Using your LoRA in ComfyUI: In your ComfyUI workflow, add a «LoRA Loader» node and select your LoRA.Connect the LoRA Loader to your model checkpoint in the workflow.Adjust the LoRA strength to control how much influence it has on the generation.
Generate images: Use your hot word in your prompts related to your trained subject or style.Experiment with different LoRA strengths to find the right balance.
Ethical considerations: Ensure you have the right to use the images in your training set. Be mindful of potential biases in your training data.Consider the implications of generating images that closely mimic real individuals.

Remember, while LoRA allows you to customize the AI model with your own images, it’s still building upon the base model’s capabilities.

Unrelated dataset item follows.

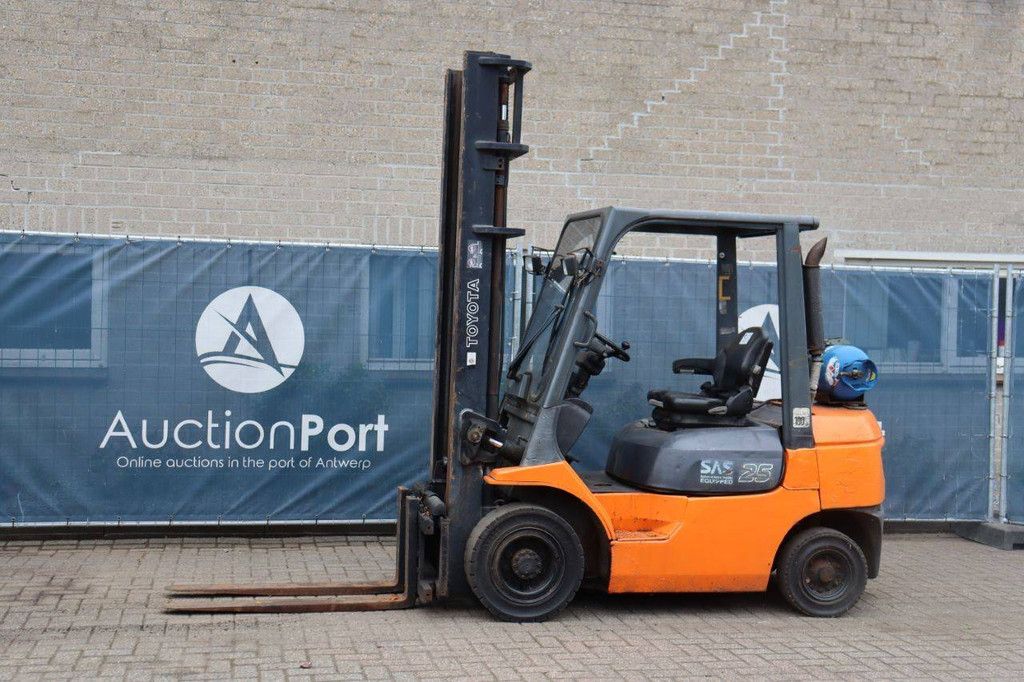 Gabelstapler Toyota 42-7FGF25 Treibgas 2500kg 4,7m 2004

The quality of your results will depend on both the base model and the quality of your training data. Flux Dev or Flux Schnell are among the best at the time of writing.

By incorporating LoRA into your ComfyUI workflow, you can create unique, personalized images that blend the power of large AI models with your specific visual style or subjects of interest.

If I didn’t know better, I would think the following picture was actually a photo of yours truly. But it’s not, it’s completely Generative AI.

Image generated by a Flux.1 Dev LoRA in ComfyUI — Generative AI: Walter rendered in Venice by Flux.1 Dev LoRA in ComfyUI

Outlook: What to add from here

To further enhance your ComfyUI experience, consider exploring:

Advanced workflows: Learn to use more complex nodes such as ControlNet for precise control over someone’s posture.
Custom nodes: Develop your own or incorporate community-made custom nodes to extend ComfyUI’s functionality. E.g. I will want to add a label «Created with AI» that I export to its dedicated Photoshop layer.
Model merging: Experiment with merging different AI models to create unique styles and capabilities.
Batch processing: Set up workflows for generating multiple images with variations.
Animation workflows: Explore techniques for creating animated sequences using ComfyUI.
Integration with other tools: Learn how to use ComfyUI in conjunction with photo editing software like exporting layers and masks to Photoshop for post-processing.
Community engagement: Join ComfyUI forums and Discord channels to share knowledge and stay updated on new developments.
Contributing to the project: As an open-source tool, you can contribute to ComfyUI’s development or documentation.

Use cases I plan to work on next:

Creating ad variations of a given photo for different platforms.
Adding layers of company logos or labels like «Created with AI« that are automatically exported to Photoshop for final touches.